So, what’s been going on? I’ve been a bit lax in blogging here of late, which I hope to fix in the near future. So what’s the news?
Well, new item number one if that I’m about to move on from Domain Group, where I’ve been Windows DevOps Wonk for the last three years, and head to Octopus Deploy, where I’ll be doing some really exciting Cloud Architecture work and generally trying to reach as many people as possible with the good news of Modern Windows Ops.
In early June, I’ll be leaving Domain and heading for the awesome @OctopusDeploy where I’ll be Cloud Architecting lots of exciting things.
— Jason Brown (@cloudyopspoet) May 16, 2017
So that’s the first thing out of the way. What else has been going on?
Oh yeah, there’s that whole WannaCry thing which went by. At Domain we were entirely unaffected. Why?
Well, most of us are running Windows 10 on our laptops, which was immune to the specific vulnerability. That was a major factor. But I don’t manage the client OS fleet. I manage the servers.
Good solid firewall practice was a major factor. SMB would never be open to the internet, and we have periodic security scanning that checks our Cloud environments against an exhaustive set of rules. We absolutely don’t allow SMB shares on our fleet – that was common practice at one time, but rapidly deemed anticloud because it does nothing except enable bad deployment practice.
However, an interesting wrinkle on the subsequent community debate: At Domain, we turn off Windows Update on our Robot Army Windows Server fleet.
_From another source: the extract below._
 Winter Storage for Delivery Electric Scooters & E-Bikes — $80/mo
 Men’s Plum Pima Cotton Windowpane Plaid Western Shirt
“WHAAAAAT?” you say. “WHYYYY?”
There’s a specific reason for these instances. We found quite early on that occasionally Windows Update would fire off on instances, and push CPU usage to 100%, triggering scale-up events. In some cases, we’d end up with alerts and minor outages as a result of this behaviour. It also skewed the metrics we collect on resource usage by causing spikes at weird times, and was known to delay deployments
So we made a considered, reasoned decision to disable Windows Update on the autoscaling fleet. That’s a few hundred boxes right there.
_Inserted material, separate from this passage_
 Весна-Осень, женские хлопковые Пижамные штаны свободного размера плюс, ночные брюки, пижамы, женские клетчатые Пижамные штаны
As threat mitigation, we don’t allow RDP access to those boxes, we run Windows Server Core Edition with a minimal set of features enabled, and we closely monitor and correct changes to things like Security Group rules, service state and installed Windows features. All boxes are disposable at a moment’s notice, and we renew our AMI images on a regular basis – sometimes several times a week. Those images are fully patched and tested – with a suite of Pester tests – at creation time. We also maintain a small number of more “traditional” servers, which do have updates enabled, but none of these run customer-facing workloads
Make no mistake, Troy Hunt is absolutely right that no client OS should have updates disabled. But a modern server workload may have a case for it, as long as other measures are taken to protect the OS from threats. Your mileage may vary. Treat all advice with caution. I am not a doctor.
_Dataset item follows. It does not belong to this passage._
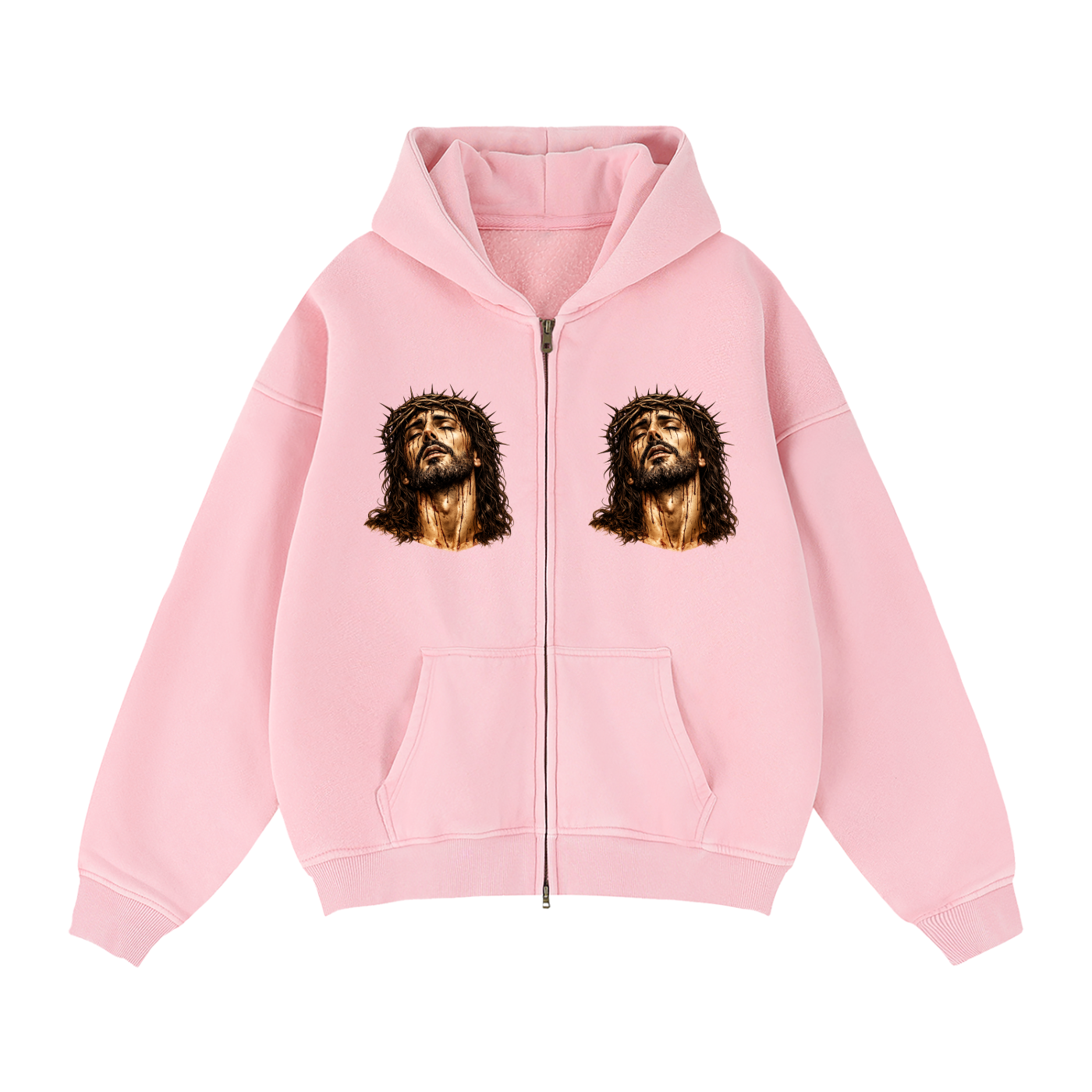 Zip-Through Boxy Fleece Hoodie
Last, here’s a new bit from Microsoft Virtual Academy (published 15 May 2017) which I think did a decent job of explaining modern DevOps practices to the curious or confused. The video and I certainly differ on some specific points of dogma, but the big picture is good – automate, tighten your feedback loops, throw away the old stuff, treat servers as software objects, move fast, apply laziness early on, build often, deploy often etc. Worth a look even if you’re a grizzled veteran, I’d say.